## WORK ORDER
A verbatim copy is needed of the lines below from the one containing "Retroviseur droit OPEL CORSA D" up to and including the one containing "QR Code for", excluding pictures.

## EXERCISE MATERIALS

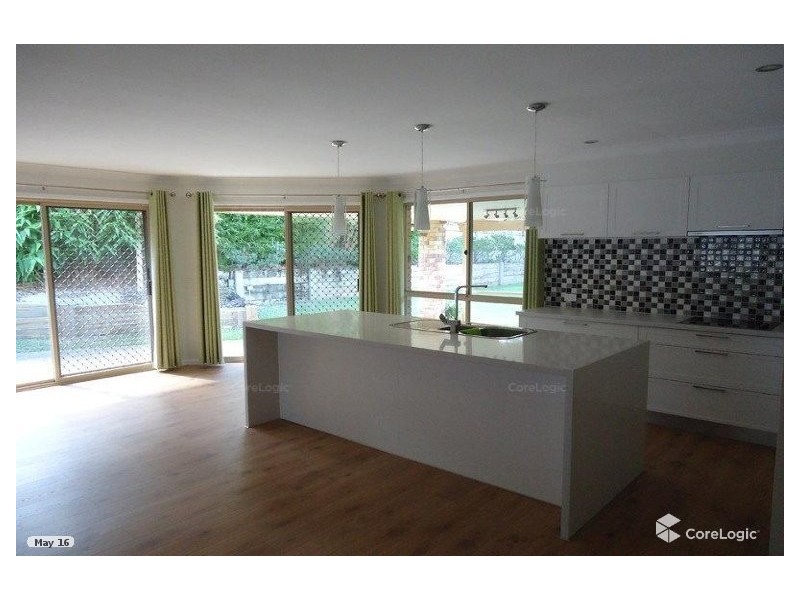 21 Alcott Court, Parkwood QLD 4214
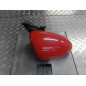 Retroviseur droit OPEL CORSA D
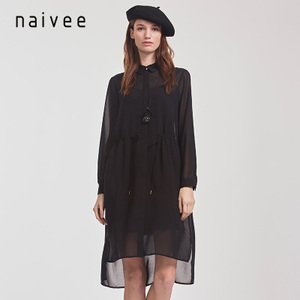 Naivee/纳薇 166160884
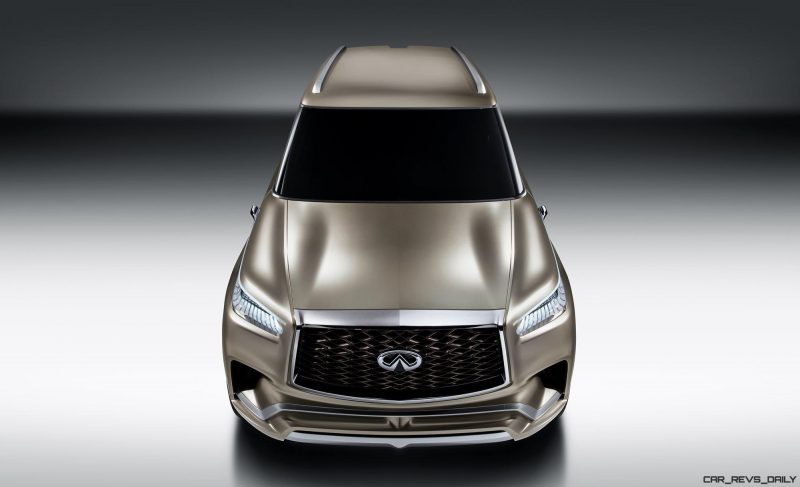 INFINITI_QX80_Monograph_04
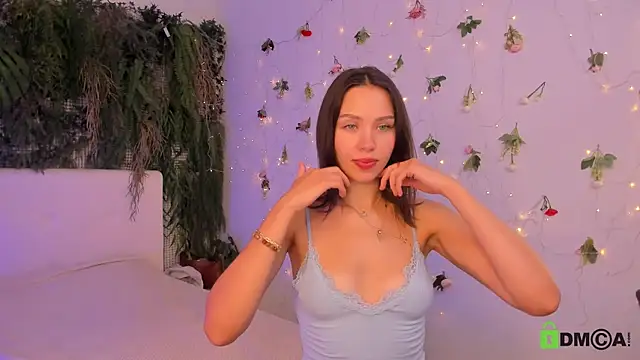 black_jenny - Black_Jenny's free webcam - UK Sex Cams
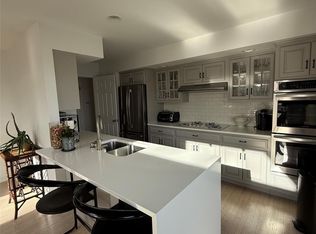 845 Budds Pond Rd, Southold, NY 11971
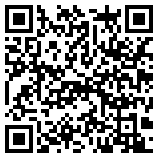 QR Code for Harcatus Head Start in Newcomerstown, OH 43832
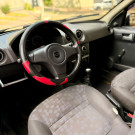 GM - Chevrolet PRISMA Sed. Joy 1.4 8V ECONOFLEX 4p 2009 Flex-3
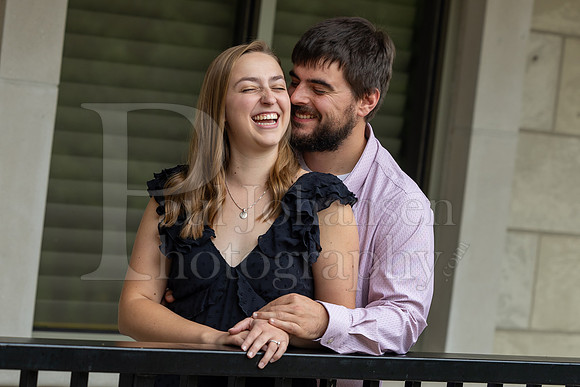 Nicole and Jake's Engagement Photos 9-22-2024-0028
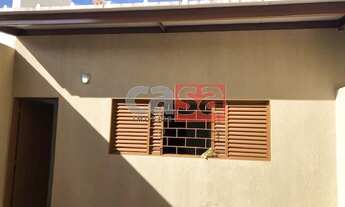 Imagem: Goiânia - Kitchenette/Conjugados - Residencial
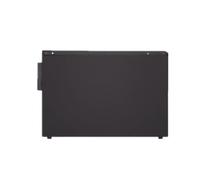 fqparts Generic Ordinateur Portable TouchPad pour for HP Omen 14-fb0000 14-fb1000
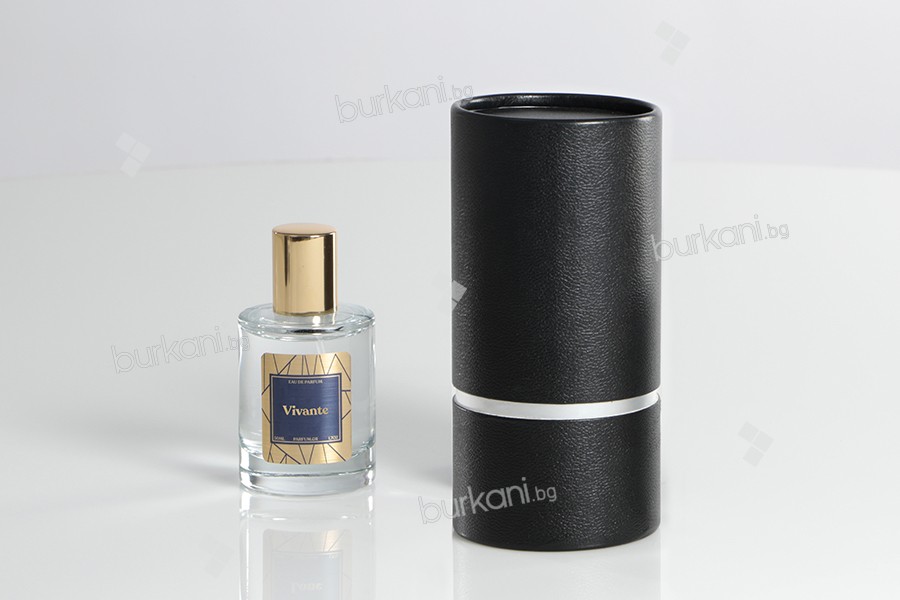 Vivante perfume for women EDP - 50ml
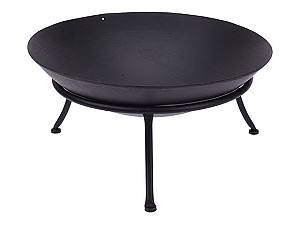 Vatra de foc AMBIANCE D57cm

## OUTPUT BELOW
 Retroviseur droit OPEL CORSA D
 Naivee/纳薇 166160884
 INFINITI_QX80_Monograph_04
 black_jenny - Black_Jenny's free webcam - UK Sex Cams
 845 Budds Pond Rd, Southold, NY 11971
 QR Code for Harcatus Head Start in Newcomerstown, OH 43832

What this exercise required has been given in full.